Now, since all constraints in (28) depend only on the first-order information of f at \(\{x_i\}_{i\in I^*_N}\), by taking advantage of Definition 2 we can denote \(f_i:=f(x_i)\) and \(g_i:=f'(x_i)\) and treat these and as optimization variables, thereby reaching the following equivalent formulation

$$\begin{aligned} \sup _{\{(x_i,g_i,f_i)\}_{i\in I^*_N}}&\ f_N-f_* \nonumber \\ \text { subject to: }&\{(x_i,g_i,f_i)\}_{i\in I^*_N} \text { is }{\mathcal {F}}(\mathbb {R}^d)\text {-interpolable}, \nonumber \\&{\left||x_0-x_*\right||}\le R_x, \nonumber \\&g_*=0, \nonumber \\&{\left\langle g_i, g_j\right\rangle }= 0, \ \text {for all } 0\le j<i=1,\ldots N,\nonumber \\&x_i\in x_0+\mathrm {span}\{g_0,\ldots ,g_{i-1}\},\quad \text {for all } i=1,\ldots ,N. \end{aligned}$$

Since (PEP-GFOM) is a relaxation of (29), we get

$$\begin{aligned} f(x_N) - f_*\le {{\,\mathrm{val}\,}}\mathrm{(PEP)} \le {{\,\mathrm{val}\,}}\mathrm{(PEP-GFOM)}, \end{aligned}$$

which establishes the bound (13).

In order to establish the second part of the claim, let \(\varepsilon >0\).

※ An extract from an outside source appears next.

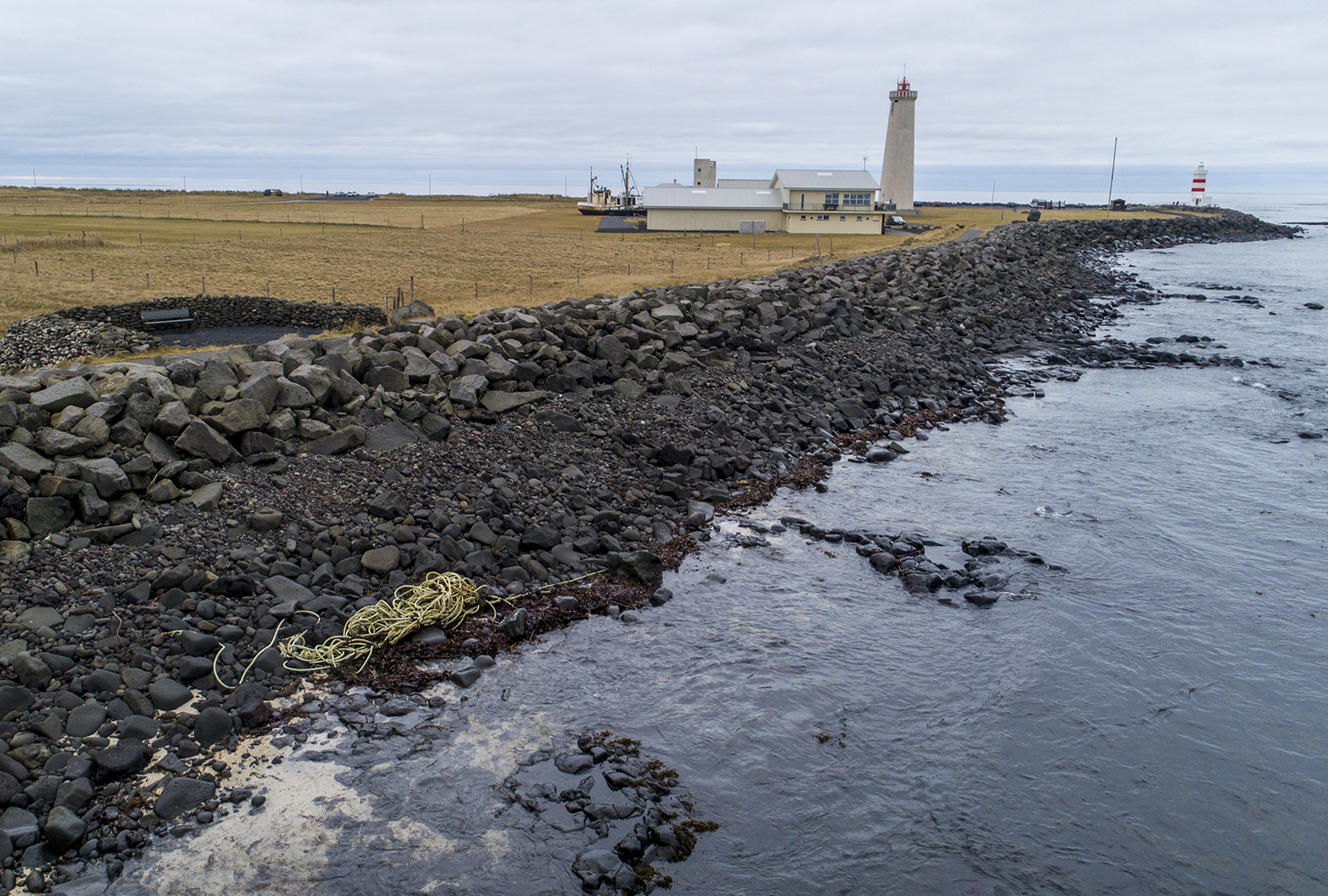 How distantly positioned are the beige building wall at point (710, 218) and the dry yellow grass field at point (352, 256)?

We will proceed to show that there exists some valid input for GFOM \((f, x_0)\), such that \(f(\mathrm {GFOM}_N(f, x_0)) - f_*\ge {{\,\mathrm{val}\,}}(PEP-GFOM)-\varepsilon \).

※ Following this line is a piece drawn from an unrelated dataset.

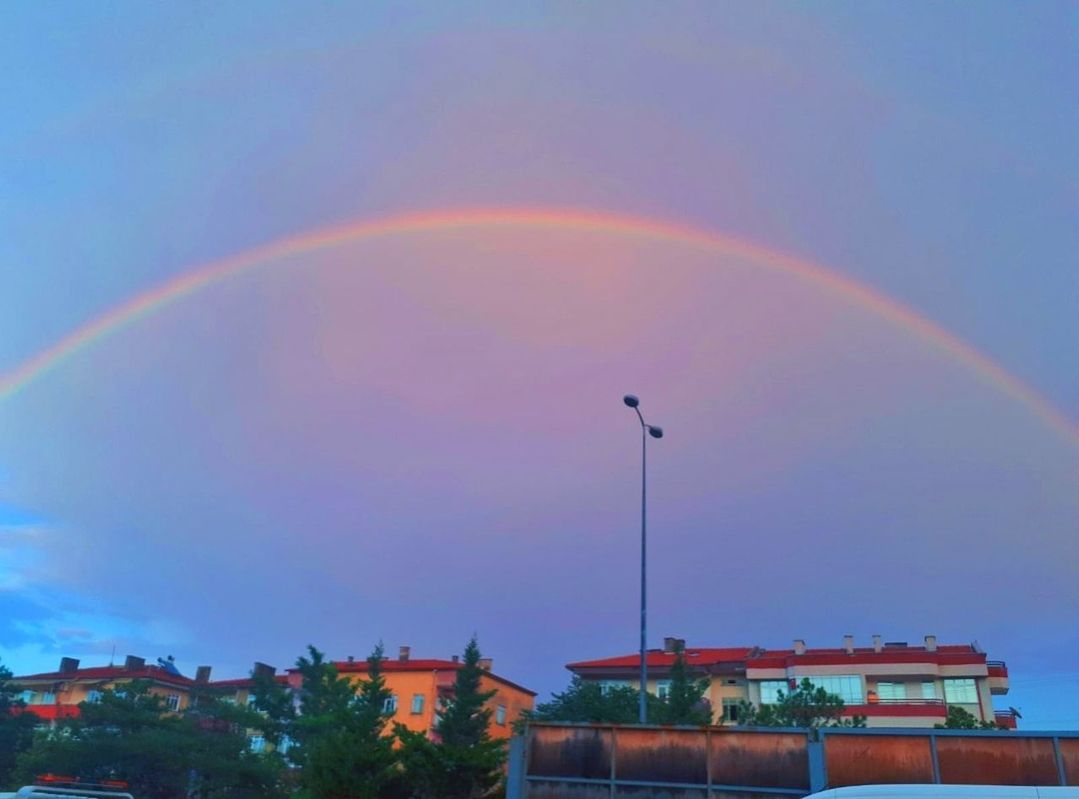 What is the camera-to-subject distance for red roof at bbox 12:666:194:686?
66.8 meters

Indeed, by the definition of (PEP-GFOM), there exists a set \(S=\{(x_i,g_i,f_i)\}_{i\in I^*_N}\) that satisfies the constraints in (PEP-GFOM) and reaches an objective value \(f_N-f_* \ge {{\,\mathrm{val}\,}}(PEP-GFOM)-\varepsilon \). Since S satisfies the requirements of Lemma 5 [as these requirements are constraints in (PEP-GFOM)], there exists a set of vectors \(\{{\hat{x}}_i\}_{i\in I^*_N}\) for which

$$\begin{aligned}&{\left||{\hat{x}}_0- {\hat{x}}_*\right||}\le R_x, \\&{\hat{x}}_i\in {\hat{x}}_0 + \mathrm {span}\{g_0,\ldots ,g_{i-1}\},\quad i=0,\dots ,N, \end{aligned}$$

hold, and in addition, \({\hat{S}}:=\{({\hat{x}}_i,g_i,f_i)\}_{i\in I^*_N}\) is \({\mathcal {F}}(\mathbb {R}^d)\)-interpolable. By definition of an \({\mathcal {F}}(\mathbb {R}^d)\)-interpolable set, it follows that there exists a function \({\hat{f}}\in {\mathcal {F}}(\mathbb {R}^d)\) such that \({\hat{f}}({\hat{x}}_i) = f_i\), \(g_i \in \partial {\hat{f}}({\hat{x}}_i)\), hence satisfying

$$\begin{aligned}&{\left\langle {\hat{f}}'({\hat{x}}_i), {\hat{f}}'({\hat{x}}_j)\right\rangle } = 0, \quad \text {for all } 0\le j<i=1,\ldots ,N, \\&{\hat{x}}_i\in {\hat{x}}_0+\mathrm {span}\{{\hat{f}}'(x_0),\ldots , {\hat{f}}'({\hat{x}}_{i-1})\}, \quad \text {for all } i=1,\ldots ,N. \end{aligned}$$

Furthermore, since \(g_*=0\) we have that \({\hat{x}}_*\) is an optimal solution of \({\hat{f}}\).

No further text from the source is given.